An exact reproduction of all the data is needed, with no images in it.

Start of MATERIAL PROVIDED

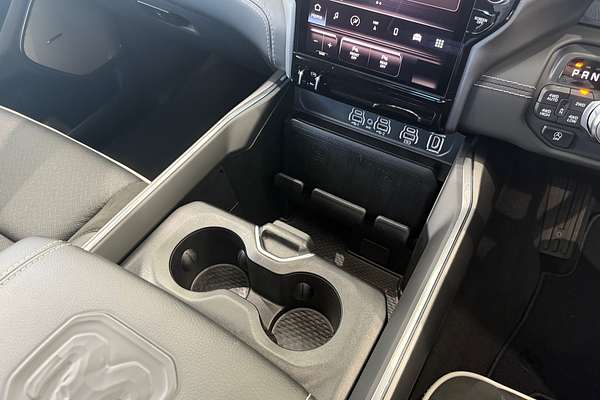 2024 RAM 1500 Laramie Sport Hurricane SO RamBox DT 4X4 SWB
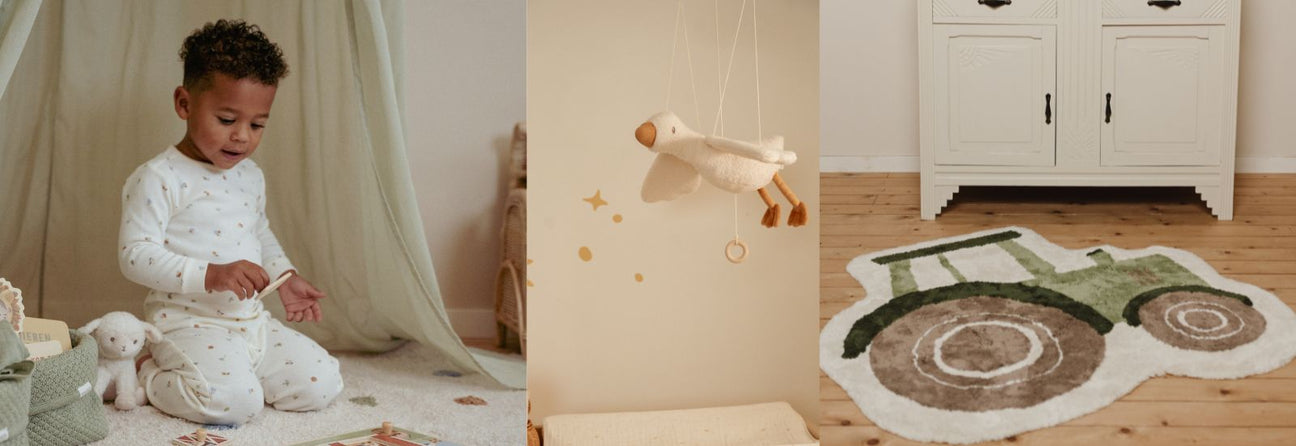 dreng i børneværelse under grøn sengehimmel, lys mobile med gås, der svæver, gultæppe med grøn traktor, dekoration til børneværelse set hos danske Nordic Simply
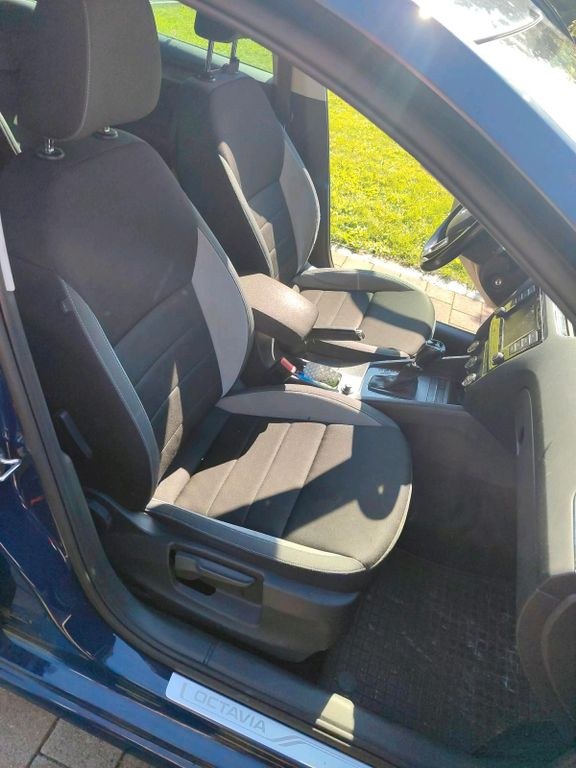 نمای دیگر فولکس واگن اشکودا اکتاویا 2.0 TDI DSG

End of MATERIAL PROVIDED

■ **REPLY**:
 2024 RAM 1500 Laramie Sport Hurricane SO RamBox DT 4X4 SWB
 dreng i børneværelse under grøn sengehimmel, lys mobile med gås, der svæver, gultæppe med grøn traktor, dekoration til børneværelse set hos danske Nordic Simply
 نمای دیگر فولکس واگن اشکودا اکتاویا 2.0 TDI DSG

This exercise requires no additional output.